Türkiye’nin tarım alanındaki ithalatı büyüyor, yerli ve millilik iddiası bir yana tarımda bağımlılık büyüyor, artıyor.
Şirketlerin egemenliğine giren tarımda, gelecekte yaşanma ihtimali her geçen gün artan gıda krizinin ortaya çıkaracağı risk büyüyor.
Endüstriyel tarımın artan egemenliği ile birlikte aynı miktardaki tarım ürününden edinilebilecek besin değerindeki düşüş oranı büyüyor.
Sonuç olarak büyüyen, şirketler, sermaye birikimi ve kârlılık; küçülen çiftçilerin kazancı, işçi sınıfının sofrasındaki yemek.

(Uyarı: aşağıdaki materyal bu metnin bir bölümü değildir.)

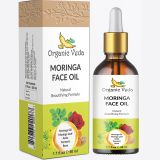 Moringa Face Oil 1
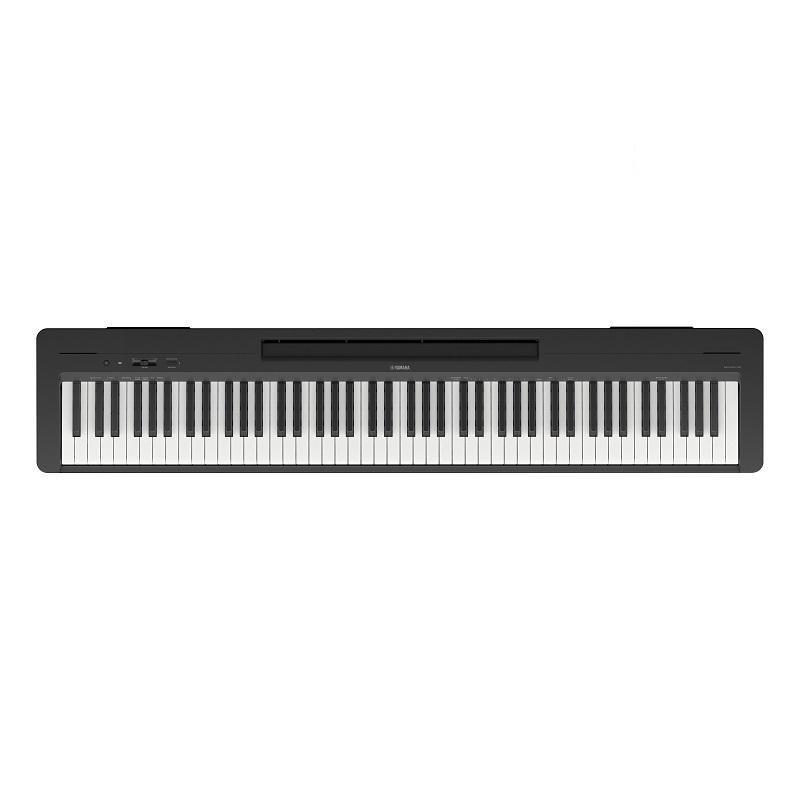Yamaha P145BT Black Pianoforte Digitale NOVITA'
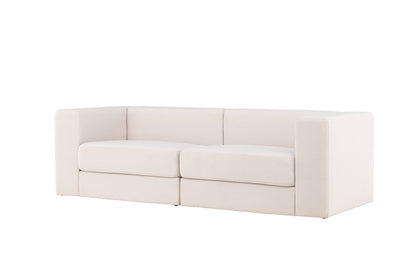 LUMI 3 seater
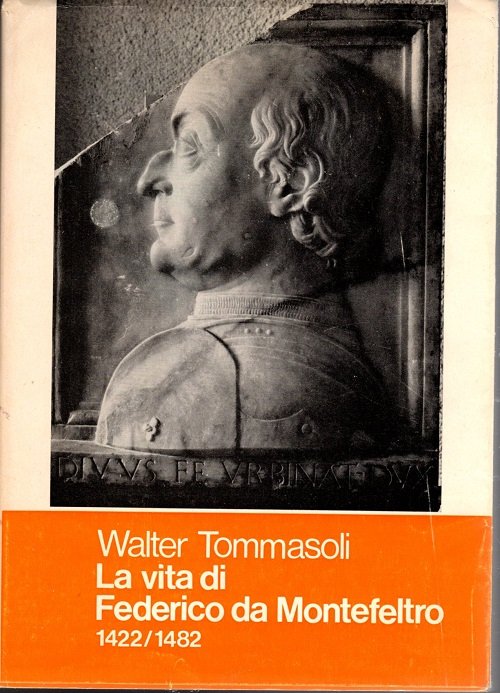 La vita di Federico da Montefeltro | Immagine principale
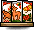 Dressupwall chair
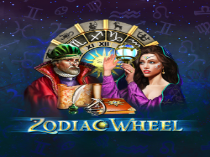 Zodiac Wheel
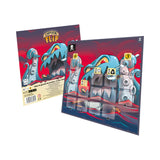captain flip: in the jaws of the kraken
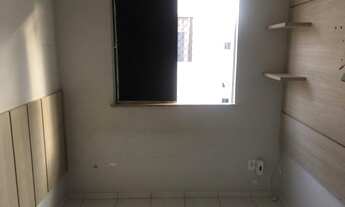 Imagem 7: Central Park com planejados e todos os ambientes terceiro andar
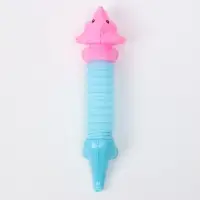 Развивающая игрушка &laquo;Зверёк&raquo;, цвета МИКС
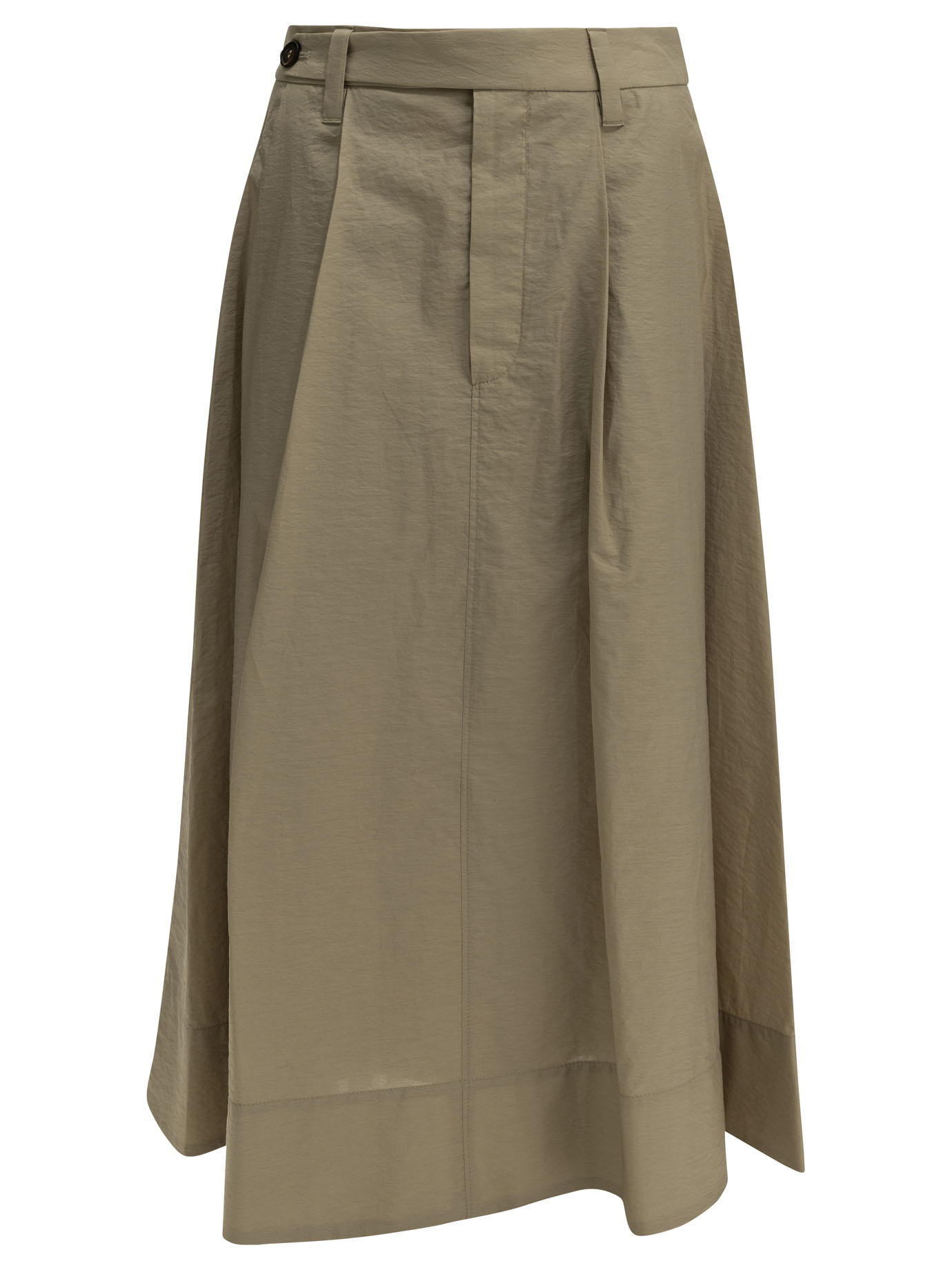 [Brunello Cucinelli] Long skirt SS26 M0F79G3951C9195_X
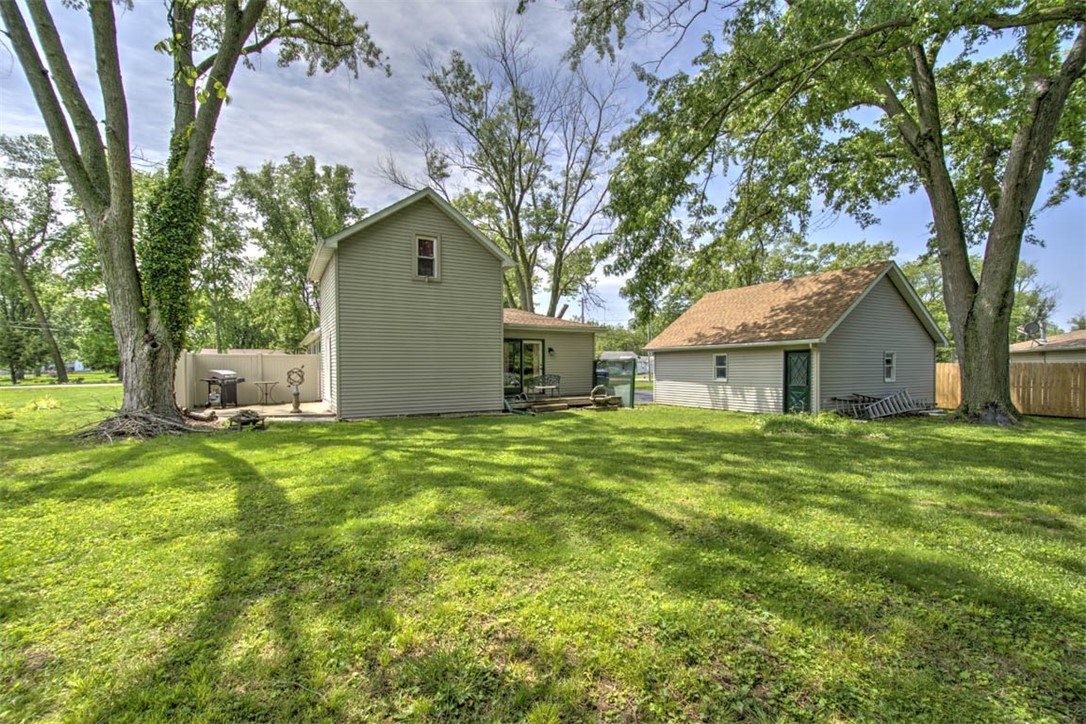 3740 East Greenhill Road Decatur, IL 62521 - Photo 23 of 29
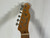Used Fender 2008 ROAD WORN 50S TELECASTER T Type Electric Guitar Sunburst 6-String 40012-S000309081 View 3
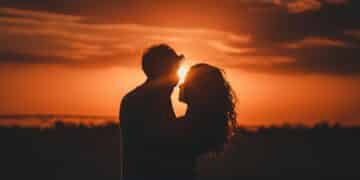 Dia dos Namorados: Canções Românticas para Celebrar o Amor (Fonte: Pexels)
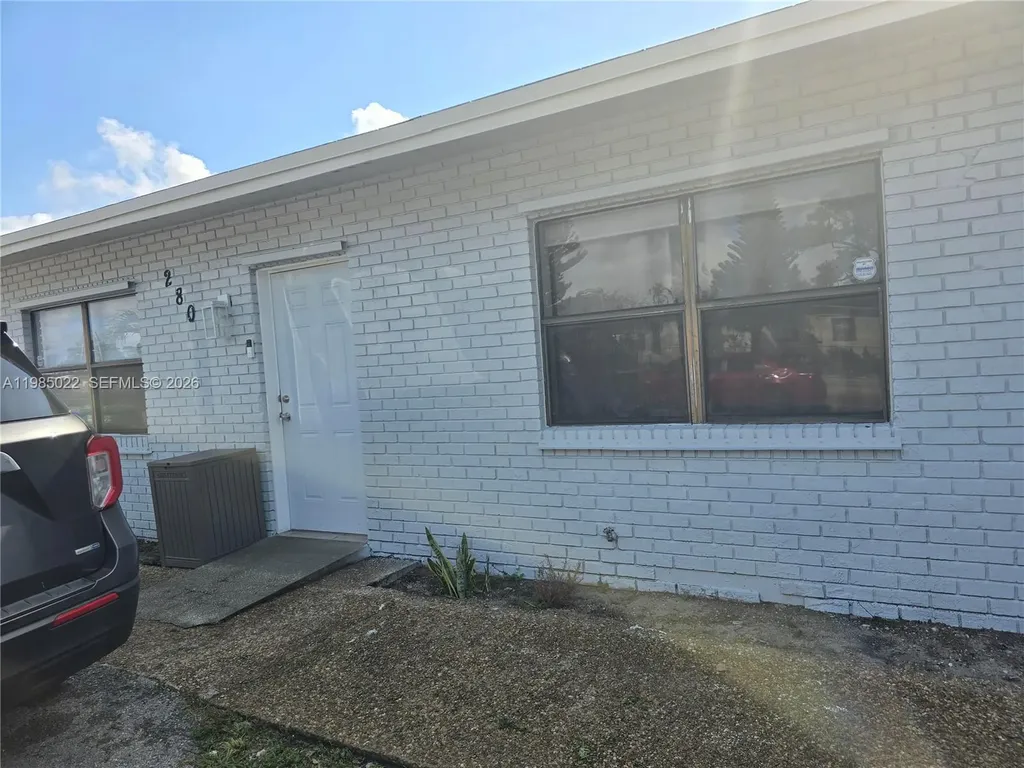 280 NW 31st Avenue Fort Lauderdale FL 33311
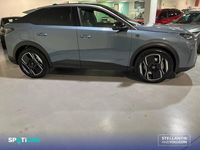 Usado Peugeot 3008 GT 197 CV (144 kW) 2025 Azul SUV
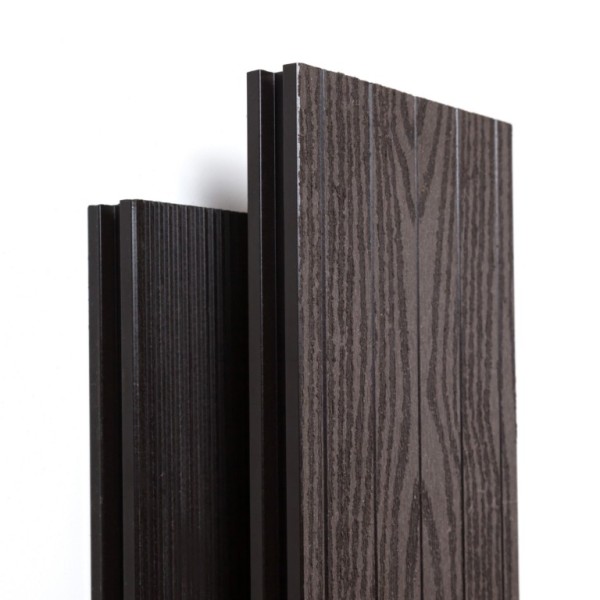 Террасная доска Ecodecking Техно плюс Венге купить в Набережных Челнах Террасная доска Ecodecking Техно плюс Венге купить в Набережных Челнах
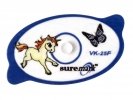 VisionLine™ Kids 2.5mm Unicorn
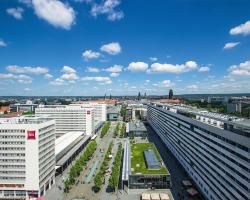 ibis Dresden Zentrum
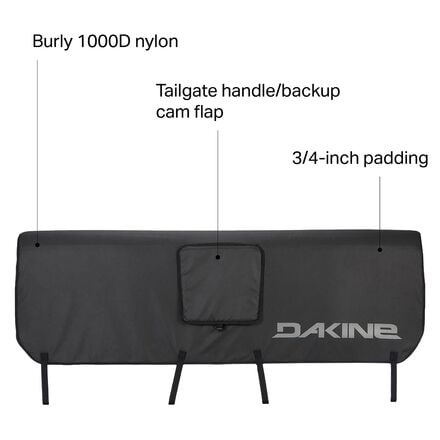 DAKINE - Pickup Pad DLX
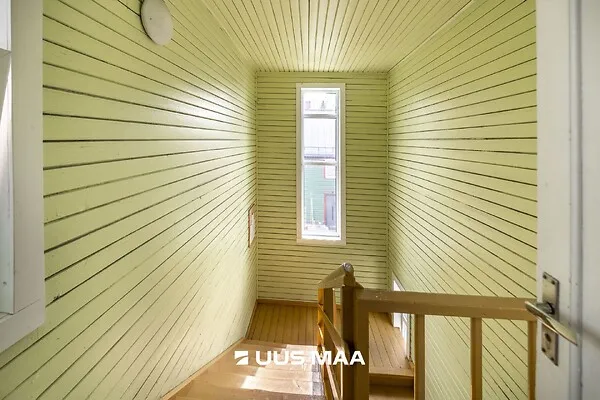 Pièces - Appartement à Tartu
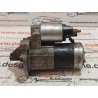 MOTOR ARRANQUE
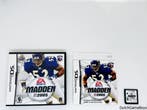Nintendo DS - Madden NFL 2005 - USA, Verzenden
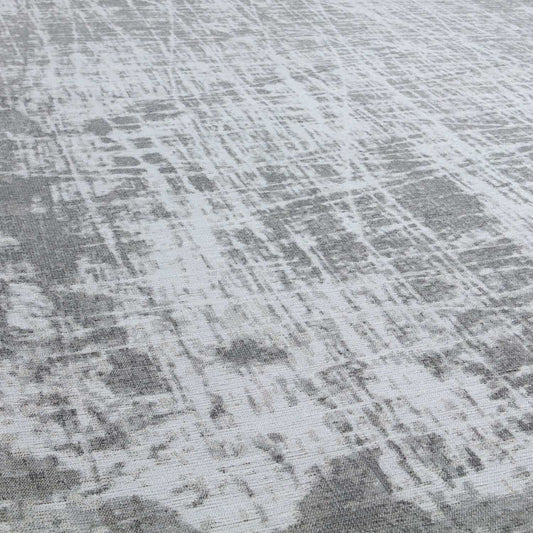 Washable Rug Carina Grey | 6921G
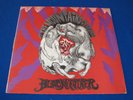 BLACKFEATHER / At The Mountains Of Madness AUSSIE 1st PRESS LP 1971 HEAVY PSYCH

Yazımızı bir buğday üreticisi olan Faik Toy’un bakan Albayrak’ın büyüme müjdesine Twitter’dan verdiği yanıtla bitirelim:
“Ülkem Avrupa’da tarımda büyümede ikinci sırayı yakalamış. Cesaretiniz varsa çiftçime uğrayın ve sorun bakalım kendilerine bu büyümenin zerre kadar faydası olmuş mu? Eğer çiftçim bu büyümeyi hissedemiyorsa, emeğinin hakkın ve alın teri çalındığı içindir. Çiftçim küçülürken tarım büyüyor.”